[[ Data section open ]]
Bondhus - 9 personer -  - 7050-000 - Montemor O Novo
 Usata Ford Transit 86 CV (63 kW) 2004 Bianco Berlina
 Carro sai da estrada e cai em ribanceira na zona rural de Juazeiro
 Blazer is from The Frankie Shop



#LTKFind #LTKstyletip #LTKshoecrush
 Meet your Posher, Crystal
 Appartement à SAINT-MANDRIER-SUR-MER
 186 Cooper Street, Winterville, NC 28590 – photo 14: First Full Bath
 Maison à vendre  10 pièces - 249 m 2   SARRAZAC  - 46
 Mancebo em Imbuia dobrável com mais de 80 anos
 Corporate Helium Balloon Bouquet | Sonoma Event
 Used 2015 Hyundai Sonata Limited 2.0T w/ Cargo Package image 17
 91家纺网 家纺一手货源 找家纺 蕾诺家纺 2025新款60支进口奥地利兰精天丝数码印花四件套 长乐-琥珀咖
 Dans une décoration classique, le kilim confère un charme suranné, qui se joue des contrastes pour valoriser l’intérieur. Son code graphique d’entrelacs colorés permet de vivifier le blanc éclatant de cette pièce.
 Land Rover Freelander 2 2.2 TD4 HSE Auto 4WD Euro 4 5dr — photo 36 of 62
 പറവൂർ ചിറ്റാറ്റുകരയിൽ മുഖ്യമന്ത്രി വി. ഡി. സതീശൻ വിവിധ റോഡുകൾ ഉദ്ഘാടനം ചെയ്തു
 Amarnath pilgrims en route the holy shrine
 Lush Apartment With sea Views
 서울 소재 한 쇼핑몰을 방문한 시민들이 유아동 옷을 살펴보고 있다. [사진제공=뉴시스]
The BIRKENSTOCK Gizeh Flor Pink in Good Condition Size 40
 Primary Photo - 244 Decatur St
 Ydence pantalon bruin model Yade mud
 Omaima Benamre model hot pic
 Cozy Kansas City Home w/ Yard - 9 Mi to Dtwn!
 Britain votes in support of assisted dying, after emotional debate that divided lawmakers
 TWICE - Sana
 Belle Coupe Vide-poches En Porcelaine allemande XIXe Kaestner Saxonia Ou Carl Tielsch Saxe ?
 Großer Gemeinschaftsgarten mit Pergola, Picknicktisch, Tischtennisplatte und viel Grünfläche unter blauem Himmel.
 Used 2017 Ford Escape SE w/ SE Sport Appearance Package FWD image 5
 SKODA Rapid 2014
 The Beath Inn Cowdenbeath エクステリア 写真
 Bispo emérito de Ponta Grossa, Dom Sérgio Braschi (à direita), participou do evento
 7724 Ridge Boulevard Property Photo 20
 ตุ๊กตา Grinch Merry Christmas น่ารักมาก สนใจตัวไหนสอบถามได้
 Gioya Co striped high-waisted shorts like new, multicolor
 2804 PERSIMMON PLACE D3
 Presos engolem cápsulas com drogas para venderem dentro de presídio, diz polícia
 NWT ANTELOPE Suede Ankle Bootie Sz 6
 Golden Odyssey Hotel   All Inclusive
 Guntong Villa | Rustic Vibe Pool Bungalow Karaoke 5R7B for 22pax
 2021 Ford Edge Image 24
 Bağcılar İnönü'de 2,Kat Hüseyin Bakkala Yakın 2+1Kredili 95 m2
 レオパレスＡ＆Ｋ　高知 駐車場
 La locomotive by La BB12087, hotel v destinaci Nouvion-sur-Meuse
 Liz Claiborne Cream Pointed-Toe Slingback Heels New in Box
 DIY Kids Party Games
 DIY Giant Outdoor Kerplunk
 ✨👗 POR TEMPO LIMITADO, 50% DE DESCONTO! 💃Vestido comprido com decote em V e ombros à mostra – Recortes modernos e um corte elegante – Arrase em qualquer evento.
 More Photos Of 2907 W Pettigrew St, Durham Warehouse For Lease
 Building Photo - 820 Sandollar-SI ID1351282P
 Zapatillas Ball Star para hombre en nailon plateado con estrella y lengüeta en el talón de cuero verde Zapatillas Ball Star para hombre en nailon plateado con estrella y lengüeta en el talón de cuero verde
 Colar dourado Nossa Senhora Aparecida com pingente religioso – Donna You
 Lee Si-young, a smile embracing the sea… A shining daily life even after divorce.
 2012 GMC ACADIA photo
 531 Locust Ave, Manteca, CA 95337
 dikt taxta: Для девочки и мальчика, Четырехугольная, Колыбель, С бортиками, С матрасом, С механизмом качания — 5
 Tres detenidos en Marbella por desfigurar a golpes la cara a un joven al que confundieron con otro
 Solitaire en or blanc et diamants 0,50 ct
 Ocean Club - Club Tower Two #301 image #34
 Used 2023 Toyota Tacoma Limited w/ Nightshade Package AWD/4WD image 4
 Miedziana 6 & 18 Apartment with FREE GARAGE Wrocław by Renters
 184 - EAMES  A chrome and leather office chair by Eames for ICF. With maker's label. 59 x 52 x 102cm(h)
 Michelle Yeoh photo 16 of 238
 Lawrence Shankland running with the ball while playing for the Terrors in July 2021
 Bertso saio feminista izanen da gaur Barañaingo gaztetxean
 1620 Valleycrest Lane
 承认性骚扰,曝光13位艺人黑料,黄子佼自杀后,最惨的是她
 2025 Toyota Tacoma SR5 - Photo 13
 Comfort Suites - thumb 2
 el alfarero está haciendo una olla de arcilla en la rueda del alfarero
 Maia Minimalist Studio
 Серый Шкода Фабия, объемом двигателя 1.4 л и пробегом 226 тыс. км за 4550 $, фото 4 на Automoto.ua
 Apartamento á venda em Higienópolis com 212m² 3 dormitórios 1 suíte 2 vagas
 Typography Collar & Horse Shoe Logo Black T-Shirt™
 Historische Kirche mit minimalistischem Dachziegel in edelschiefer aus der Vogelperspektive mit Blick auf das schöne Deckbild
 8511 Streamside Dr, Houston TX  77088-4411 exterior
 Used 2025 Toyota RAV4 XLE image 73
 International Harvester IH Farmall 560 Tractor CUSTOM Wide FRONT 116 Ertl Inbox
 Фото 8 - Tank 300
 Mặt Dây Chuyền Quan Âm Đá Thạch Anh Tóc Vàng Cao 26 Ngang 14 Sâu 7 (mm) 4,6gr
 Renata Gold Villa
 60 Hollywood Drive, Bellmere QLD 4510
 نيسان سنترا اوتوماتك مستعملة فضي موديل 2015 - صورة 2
[[ Data section closed ]]
Assignment:
All lines in the listing above from the line containing "531 Locust Ave, Manteca, CA 95337" to the line containing "184 - EAMES", inclusive, should be retyped exactly; no other lines should appear.

Response to the task:
 531 Locust Ave, Manteca, CA 95337
 dikt taxta: Для девочки и мальчика, Четырехугольная, Колыбель, С бортиками, С матрасом, С механизмом качания — 5
 Tres detenidos en Marbella por desfigurar a golpes la cara a un joven al que confundieron con otro
 Solitaire en or blanc et diamants 0,50 ct
 Ocean Club - Club Tower Two #301 image #34
 Used 2023 Toyota Tacoma Limited w/ Nightshade Package AWD/4WD image 4
 Miedziana 6 & 18 Apartment with FREE GARAGE Wrocław by Renters
 184 - EAMES  A chrome and leather office chair by Eames for ICF. With maker's label. 59 x 52 x 102cm(h)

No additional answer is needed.